Bruce Redwine, owner of Chantilly Service Center and one of the estimated 701,100 auto mechanics in the U.S., according to the Bureau of Labor Statistics, finally had enough earlier this summer. He saw Fairfax County parking enforcement officer Jacquelyn D. Hogue, notorious for ticketing cars in the lot, approaching his auto repair shop and instantly knew what it was about.
He had just pulled a car that needed auto inspection into his shop in an attempt to avoid her wrath, but the move was unsuccessful as she already had the ticket written. Before she could even hand him the ticket, though, he snatched it out of her hand and threw some profanity-laced shade in her direction. She responded by calling the local police department and had him arrested for felony assault on a police officer, even though she isn’t a real cop and he claims to have never even touched her.
“They’re harassing the small businesses trying to make it in this tough economy,” said Ray Barrera of AandH Equipment Repair, another auto repair shop in the Mariah Business Center industrial park.
Parking officials are allowed onto the private property only because of a letter that the owner of the business center sent in 2009 specifically granting police permission to enforce county traffic, parking, and towing ordinances. Presumably the intent was to keep illegally parked cars from using the space, but instead it’s turned into a breeding ground for predatory ticketing techniques.
Redwine was later acquitted of the charge on jury appeal after the first judge sentenced him to four days in prison. Although it was a relief to be found innocent of the charge, it still doesn’t change the fact he faces thousands of dollars in legal fees as well as the fact that he’s now been booked, fingerprinted, and had his mugshot taken for something so ridiculous.
This on top of the fact that he claims to have spent thousands of dollars, $2,200 in one month alone, covering the tickets his patrons have gotten while leaving their car with him. About 25% of drivers admitted to neglecting repairs/maintenance in the last year and with the average repair cost coming to about $305 in the U.S., it wouldn’t be good business to leave customers with even more of a burden.
“In order to retain my clientele, I would eat the ticket,” Redwine said. “I don’t want to give them a bill for repairs and add on $50 for a ticket. You think they’ll come back?”
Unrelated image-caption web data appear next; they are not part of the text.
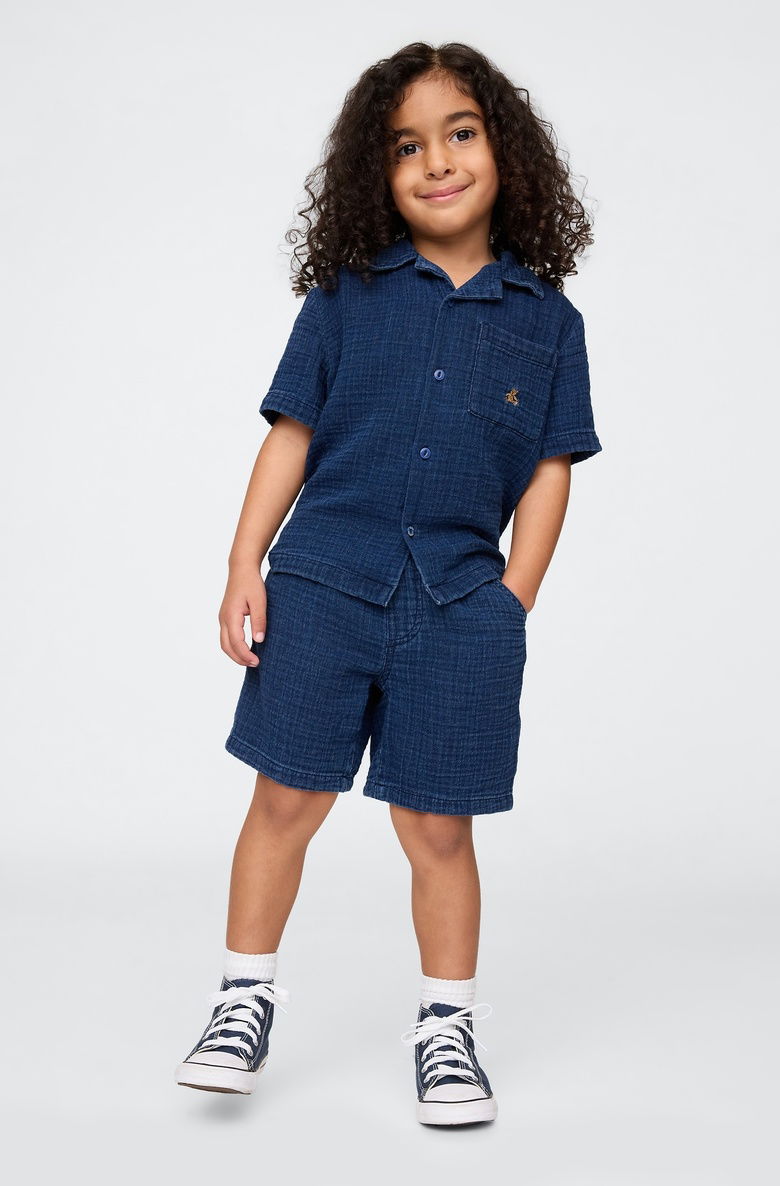  Crinkle Gauze Denim Outfit Set
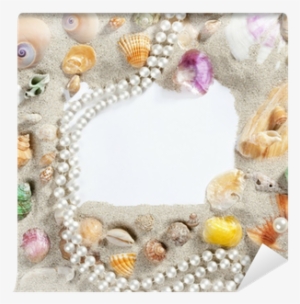 Border Frame Summer Beach Shell Pearl Necklace Wall - Necklace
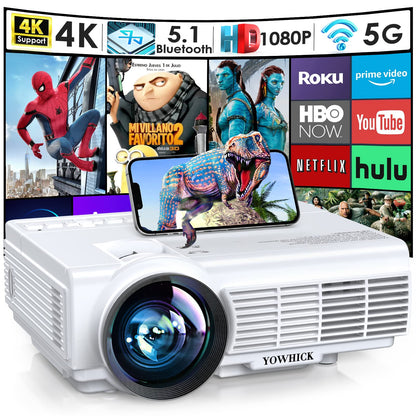 Projector with WiFi and Bluetooth, 5G WiFi Native 1080P YOWHICK Outdoor Projector 4K Support, Mini Portable Movie Projector with Screen, for HDMI, VGA, USB, Laptop, iOS & Android Phone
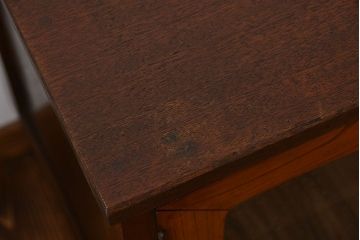 レトロ家具　昭和レトロ　気泡ガラス入り鉄脚付きローボード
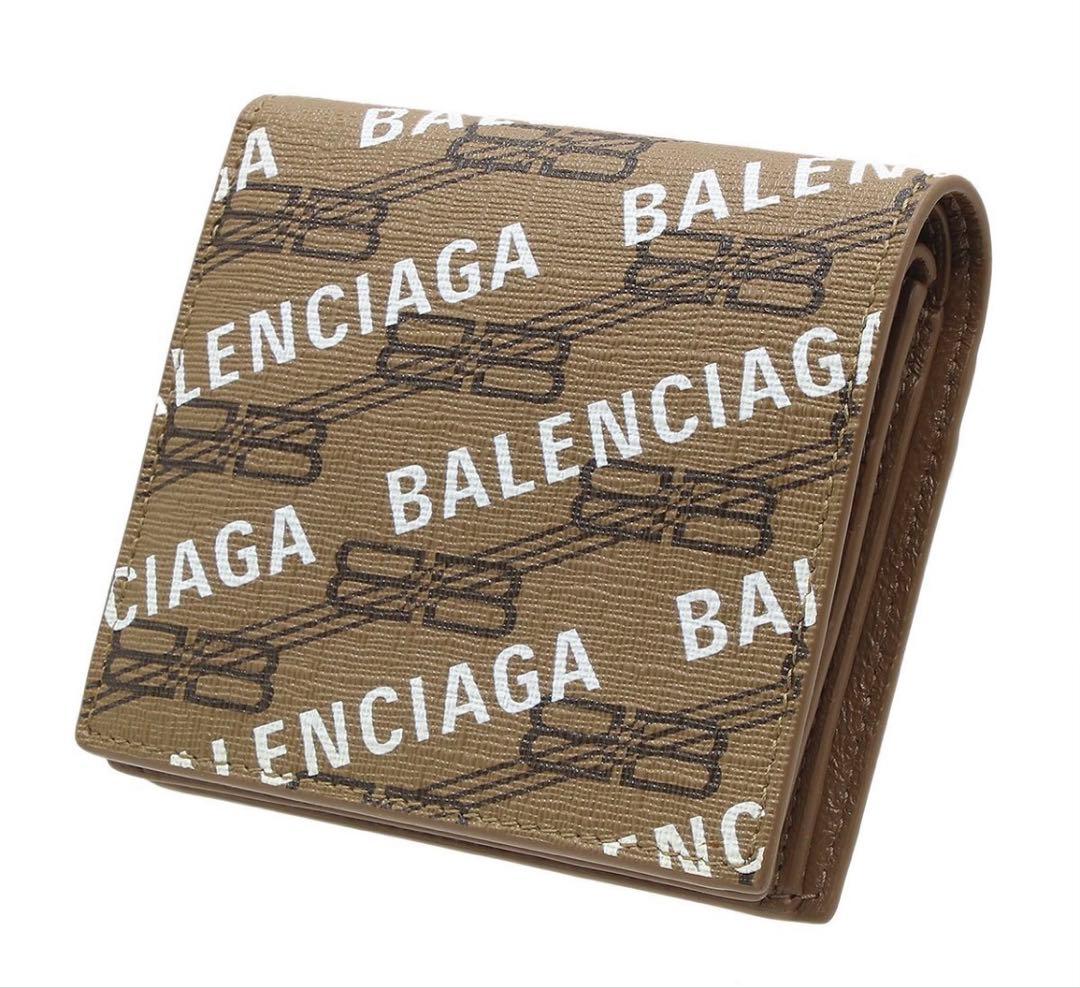 Balenciaga New BB Monogram Logo All Over Pattern Bifold Wallet — view 3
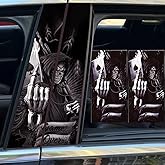 Alvorox 1 Pair Car Center B-Pillar Vinyl Stickers, Waterproof Sun Protection Scratch Cover Dark Style Personalized Creative for Vehicle Door Pillar, Horror Skull Skeleton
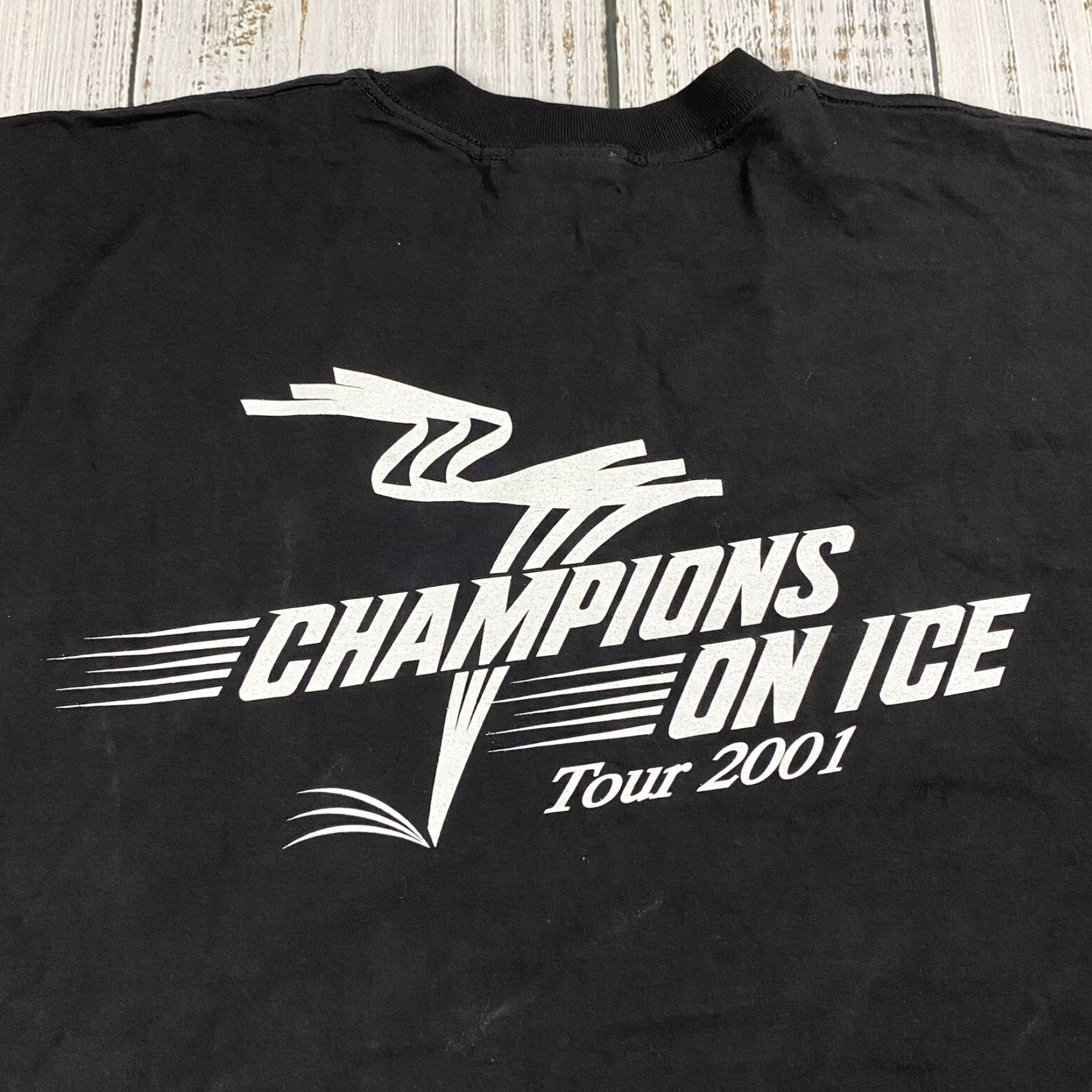 Champion VINTAGE CHAMPIONS ON ICE TOUR T-SHIRT Black LOGO XL Men's - Ice Skating, USA, 2000s Size US XL / EU 56 / 4 - 6 Thumbnail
The auto repair shop owners realize the officers have permission to issue tickets in the lot, but they’re asking for common sense and discretion. Not only are they scaring away customers, but they’re also severely hurting local small businesses still recovering from the recent economic downturn. Standard protocol among the shop workers is to stop everything and start shuffling cars inside garages anytime Hogue is spotted in the lots vicinity.